**TASK INSTRUCTIONS**
Type out each entry exactly.
· · · · · · ·
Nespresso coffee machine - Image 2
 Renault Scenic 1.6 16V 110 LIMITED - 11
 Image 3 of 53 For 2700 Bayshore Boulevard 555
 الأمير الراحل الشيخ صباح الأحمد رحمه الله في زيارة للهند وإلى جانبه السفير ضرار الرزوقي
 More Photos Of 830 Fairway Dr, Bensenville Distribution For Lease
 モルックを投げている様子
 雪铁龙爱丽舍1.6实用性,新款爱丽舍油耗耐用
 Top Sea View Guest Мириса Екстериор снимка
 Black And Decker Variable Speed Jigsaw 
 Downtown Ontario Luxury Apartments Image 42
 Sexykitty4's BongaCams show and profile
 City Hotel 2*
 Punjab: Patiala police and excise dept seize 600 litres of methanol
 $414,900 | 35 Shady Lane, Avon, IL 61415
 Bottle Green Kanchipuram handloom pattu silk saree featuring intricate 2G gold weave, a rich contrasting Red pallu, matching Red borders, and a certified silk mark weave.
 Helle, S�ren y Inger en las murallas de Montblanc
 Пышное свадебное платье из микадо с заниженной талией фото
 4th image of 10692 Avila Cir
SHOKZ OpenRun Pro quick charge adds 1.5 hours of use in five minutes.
· · · · · · ·
**TASK OUTPUT**
Nespresso coffee machine - Image 2
 Renault Scenic 1.6 16V 110 LIMITED - 11
 Image 3 of 53 For 2700 Bayshore Boulevard 555
 الأمير الراحل الشيخ صباح الأحمد رحمه الله في زيارة للهند وإلى جانبه السفير ضرار الرزوقي
 More Photos Of 830 Fairway Dr, Bensenville Distribution For Lease
 モルックを投げている様子
 雪铁龙爱丽舍1.6实用性,新款爱丽舍油耗耐用
 Top Sea View Guest Мириса Екстериор снимка
 Black And Decker Variable Speed Jigsaw 
 Downtown Ontario Luxury Apartments Image 42
 Sexykitty4's BongaCams show and profile
 City Hotel 2*
 Punjab: Patiala police and excise dept seize 600 litres of methanol
 $414,900 | 35 Shady Lane, Avon, IL 61415
 Bottle Green Kanchipuram handloom pattu silk saree featuring intricate 2G gold weave, a rich contrasting Red pallu, matching Red borders, and a certified silk mark weave.
 Helle, S�ren y Inger en las murallas de Montblanc
 Пышное свадебное платье из микадо с заниженной талией фото
 4th image of 10692 Avila Cir
SHOKZ OpenRun Pro quick charge adds 1.5 hours of use in five minutes.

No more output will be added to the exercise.